• **Instructions for the task**
Please copy each line of the listing that includes the string "Image".

• **Provided information**
------------------------------------------------------------

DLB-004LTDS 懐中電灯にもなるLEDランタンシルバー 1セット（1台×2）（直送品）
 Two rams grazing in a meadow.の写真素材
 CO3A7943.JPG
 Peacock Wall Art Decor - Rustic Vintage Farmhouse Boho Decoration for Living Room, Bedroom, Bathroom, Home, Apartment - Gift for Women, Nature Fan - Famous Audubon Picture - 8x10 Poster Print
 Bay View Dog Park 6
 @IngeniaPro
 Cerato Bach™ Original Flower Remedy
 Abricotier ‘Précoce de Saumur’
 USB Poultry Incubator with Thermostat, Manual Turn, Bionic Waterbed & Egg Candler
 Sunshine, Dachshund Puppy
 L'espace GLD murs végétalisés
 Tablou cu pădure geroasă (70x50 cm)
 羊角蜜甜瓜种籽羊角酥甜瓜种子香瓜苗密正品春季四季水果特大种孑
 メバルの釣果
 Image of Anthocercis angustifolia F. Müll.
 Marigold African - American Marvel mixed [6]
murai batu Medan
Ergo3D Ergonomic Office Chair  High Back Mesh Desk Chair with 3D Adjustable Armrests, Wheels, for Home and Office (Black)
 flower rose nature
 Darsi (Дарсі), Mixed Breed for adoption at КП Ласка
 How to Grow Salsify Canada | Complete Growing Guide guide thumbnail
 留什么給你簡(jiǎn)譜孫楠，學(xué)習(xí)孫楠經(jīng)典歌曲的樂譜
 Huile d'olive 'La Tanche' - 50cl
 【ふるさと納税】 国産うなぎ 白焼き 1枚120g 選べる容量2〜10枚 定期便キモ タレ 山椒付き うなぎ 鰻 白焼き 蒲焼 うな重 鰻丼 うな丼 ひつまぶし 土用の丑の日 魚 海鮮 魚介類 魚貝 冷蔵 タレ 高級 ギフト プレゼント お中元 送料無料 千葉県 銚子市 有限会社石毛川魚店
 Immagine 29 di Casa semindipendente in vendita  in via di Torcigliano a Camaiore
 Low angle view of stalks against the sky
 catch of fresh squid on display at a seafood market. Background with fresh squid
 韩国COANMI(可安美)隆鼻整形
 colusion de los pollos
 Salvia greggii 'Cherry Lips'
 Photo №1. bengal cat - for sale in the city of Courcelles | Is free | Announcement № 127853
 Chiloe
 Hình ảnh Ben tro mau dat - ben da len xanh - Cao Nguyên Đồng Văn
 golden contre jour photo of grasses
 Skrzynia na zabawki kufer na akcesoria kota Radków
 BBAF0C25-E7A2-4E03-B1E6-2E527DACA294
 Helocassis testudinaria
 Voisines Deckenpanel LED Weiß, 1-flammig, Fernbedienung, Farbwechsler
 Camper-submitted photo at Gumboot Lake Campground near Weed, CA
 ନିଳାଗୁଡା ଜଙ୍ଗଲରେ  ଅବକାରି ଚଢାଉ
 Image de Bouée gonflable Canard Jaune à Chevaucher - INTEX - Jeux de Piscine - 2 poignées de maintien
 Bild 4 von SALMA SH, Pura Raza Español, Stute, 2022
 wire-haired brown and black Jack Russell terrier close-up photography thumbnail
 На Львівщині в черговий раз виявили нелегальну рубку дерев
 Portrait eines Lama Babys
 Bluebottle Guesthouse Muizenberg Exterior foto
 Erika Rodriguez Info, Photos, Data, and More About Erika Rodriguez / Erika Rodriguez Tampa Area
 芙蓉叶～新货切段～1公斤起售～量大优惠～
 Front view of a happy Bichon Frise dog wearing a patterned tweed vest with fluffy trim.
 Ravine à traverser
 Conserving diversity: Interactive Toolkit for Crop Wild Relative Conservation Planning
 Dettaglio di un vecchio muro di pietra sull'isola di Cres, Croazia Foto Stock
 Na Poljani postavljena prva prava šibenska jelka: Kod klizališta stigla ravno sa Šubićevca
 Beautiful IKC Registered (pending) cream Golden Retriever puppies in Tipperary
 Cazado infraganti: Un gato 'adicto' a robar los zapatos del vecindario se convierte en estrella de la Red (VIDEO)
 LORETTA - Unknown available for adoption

------------------------------------------------------------

• **Solution to this exercise**
 Image of Anthocercis angustifolia F. Müll.
 Image de Bouée gonflable Canard Jaune à Chevaucher - INTEX - Jeux de Piscine - 2 poignées de maintien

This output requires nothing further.